SEPTEMBER 22, 2025 – On the sidelines of the UN General Assembly in New York, ALLMEP and the Paris Peace Forum convened Israeli and Palestinian peacebuilders for a landmark roundtable with President Emmanuel Macron. Far more than a meeting, this gathering signaled a profound shift in how Israeli-Palestinian diplomacy can—and must—be conducted: not as a closed process among governments, but as an inclusive, multilateral framework in which civil society is fully integrated and Israelis and Palestinians themselves are placed at the heart of events.
This roundtable marked a milestone—cementing the principle that civil society is not an afterthought to diplomacy but a driving force within it. It was also the culmination of many months of work advancing that mission: from the G7 Leaders’ 2024 pledge to institutionalize civil society’s role, to Prime Minister Starmer’s International Fund commitment, to Macron’s “It’s Time” speech in Jerusalem in May 2025, to the Paris convening that June, and the New York Declaration this past July. In New York, that vision moved decisively from principle to practice.

As President Macron underscored in the meeting, “this was not an endpoint but a beginning.” The way forward must be broad, multilateral, and rooted in the voices of the people most affected. Participants reached consensus on urgent priorities: ending the war in Gaza, securing the release of hostages, and advancing mutual recognition of two sovereign states—each integrated into a wider regional architecture of peace, security, and equality.
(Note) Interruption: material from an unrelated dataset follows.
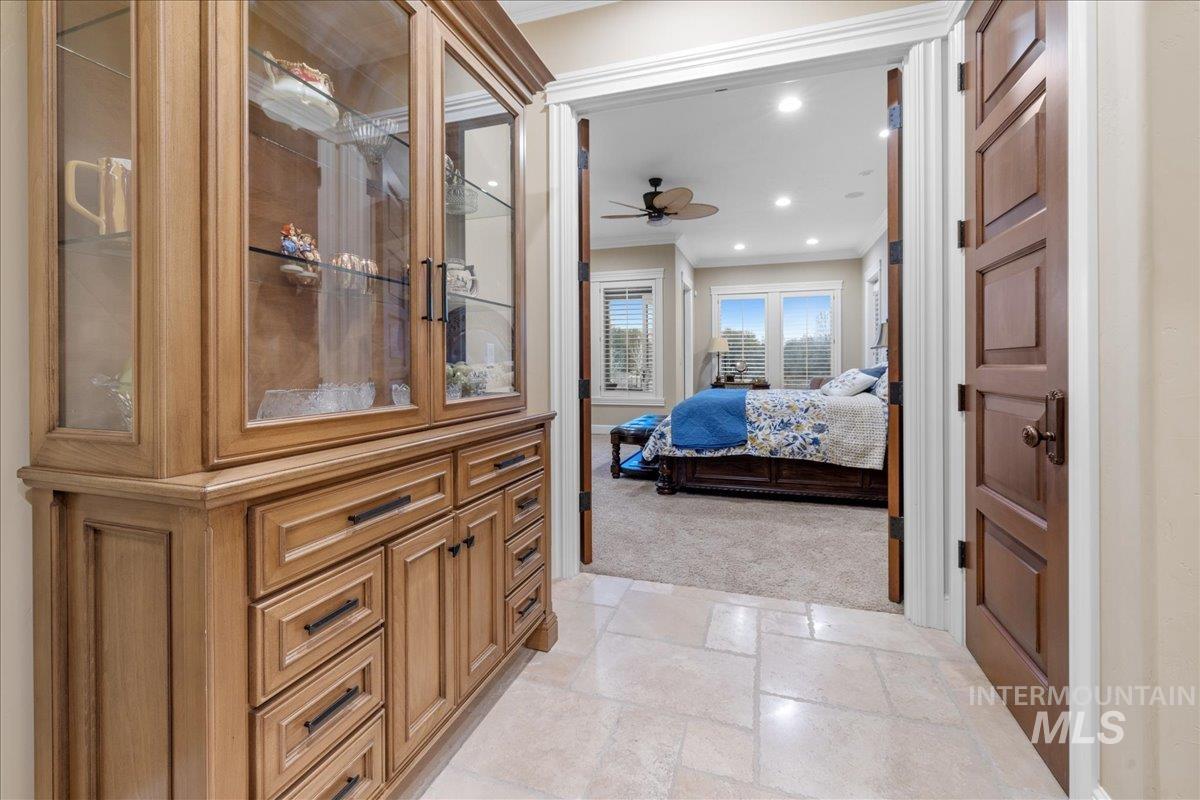 Hallway featuring ornamental molding, stone tile floors, light carpet, and recessed lighting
ALLMEP’s Dr. Natali Levin-Schwartz and Wasim Almasri presented President Macron with new AI Pulse polling that revealed striking trends: majorities of Israelis, Palestinians, and Americans—including MAGA voters—support a two-state vision that is regionally grounded, civil-society–driven, and advanced through a multilateral process. Far from being politically impossible, the data shows that a just and shared future enjoys latent popular legitimacy across divides—if leaders are bold enough to seize it.
Civil society leaders gave that legitimacy vivid expression. May Pundak of A Land for All: Two States One Homeland delivered a Zazim petition with 10,000 Israeli signatures supporting recognition of a Palestinian state. Orna Shragai of Women Wage Peace shared the Mothers’ Call for Peace. Rawan Odeh of New Story Leadership for the Middle Eastpressed for youth leadership to be fully integrated into diplomacy. Yehuda Cohen, father of hostage Nimrod, issued a powerful call for urgent action to free hostages and end the war. And Dr. Nada Al-Hadithy shared searing testimony from Nasser Hospital, underscoring the scale of the unfolding humanitarian catastrophe.
ALLMEP also presented the comprehensive proposals from June’s Paris Peace Summit—civil-society–authored recommendations for a more peaceful and just future. Barely an hour after the meeting concluded, echoes of these ideas could be heard in President Macron’s address to the UN General Assembly, illustrating how civil society’s voice can shape the highest levels of diplomacy when it is brought inside the process rather than left at its margins.
We are deeply grateful to President Macron, Minister Barrot, Ambassador Bonnafont, Conseillère Legendre, Justin Vaïsse, and—above all—the extraordinary Israeli and Palestinian civil society leaders who joined us at the table. Together, they are helping to rewire diplomacy: shifting it from elite negotiation behind closed doors to an inclusive, people-centered process capable of delivering a just and lasting peace.